(VNS/VNA) - Citing forecast data of financial institutions, financial expert Dr Dinh The Hien said Vietnam's GDP growth rate in 2023 will slow to below 7%, but it is still a good growth rate compared to that of ASEAN region (4.9%), Asia-Pacific (4.6%), and the world (2%). The National Assembly has recently also approved the country’s GDP in 2023 at about 6.5%, which is also close to the above forecasts.
Hien said both international financial institutions and Vietnamese experts forecast the difficulties and challenges of the Vietnamese economy in 2023 will come from external factors, especially the decline in consumption of developed countries and disruption of the global supply chain. However, Vietnam still has certain advantages and opportunities besides the pessimism on interest rates and inflation.
According to Hien, Vietnamese management authorities have gradually controlled high interest rates and restricted credit, which will help the country avoid shocks like in the 2011-12 period.
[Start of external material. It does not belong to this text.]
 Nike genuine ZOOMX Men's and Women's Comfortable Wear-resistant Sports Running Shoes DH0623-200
Therefore, concerns about the banking system and corporate bonds have been gradually removed.
Hien predicts difficulties related interest rates and credit will be resolved next year. Interest rates will cool down in the first quarter of 2023 and stabilise by the end of the second quarter of 2023. Credit sources with reasonable interest rates for production and business enterprises will increase gradually from the second quarter of 2023. Meanwhile, exports will continue to decline in the first two quarters of 2023, but will rebound in the third quarter of 2023.
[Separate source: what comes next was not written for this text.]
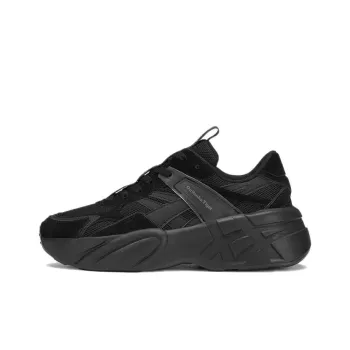 Onitsuka Tiger SP I 'Black'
"The difficulties for the domestic economy will ease from the second quarter of 2023 and gain positive growth from the third quarter of 2023, buoyed by upbeat impacts from public investment, and financial and monetary stability. At the same time, the real estate market is also expected to recover slightly from the fourth quarter of 2023, mainly in urban areas, industrial parks and other areas with strong infrastructure investment," Hien forecast.
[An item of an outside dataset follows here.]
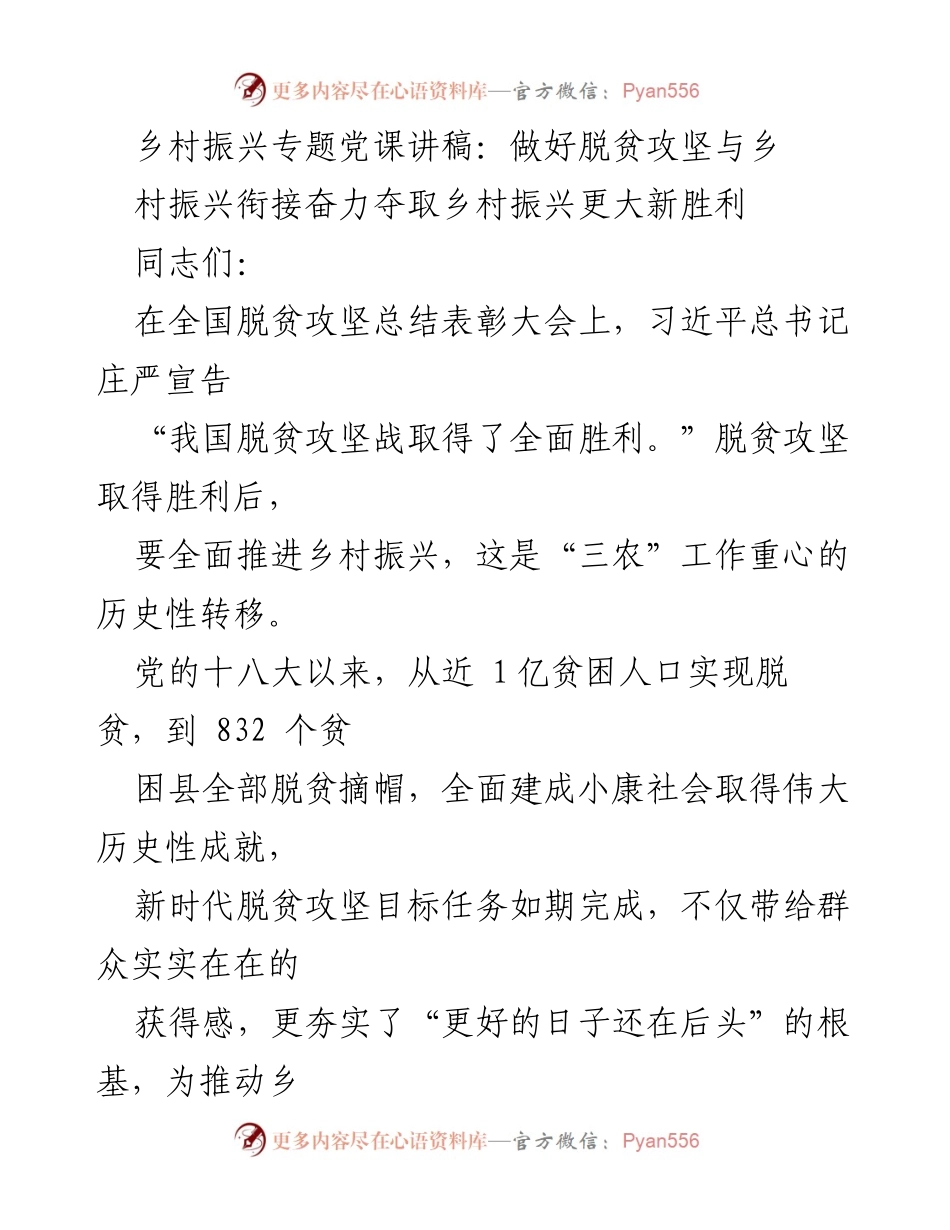 [发言] 党课 - 脱贫攻坚与乡村振兴的有效衔接与新胜利.docx_第1页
Tran Ngoc Bau, CEO of financial data provider WiGroup Data Company, is also upbeat about market liquidity in 2023.
According to Bau, though the economic forecast in 2023 is more difficult than in 2022, with initial signals such as export order decline, the cause will be a factor for the Government to partly loose the monetary market to stimulate economic development. Therefore, the market liquidity is likely to be more positive in the second half of 2023.
Nguyen Quang Thuan, chairman of financial data provider FiinGroup, expects the corporate bond market in 2023 will be more active as credit institutions increase to issue bonds after policies are changed.
The market also expects many businesses in 2023 will issue bonds to the public after being rated.
In addition, other capital channels such as issuing green bonds and borrowing/issuing international bonds are also forecast to be further improved, helping businesses have more opportunities to access capital.
However, experts also recommend in the difficult context, businesses need to review their investment portfolios and limit high risk projects. The businesses should review current debt obligations, proactively make public transparent information and improve credit profile for a longer-term capital strategy.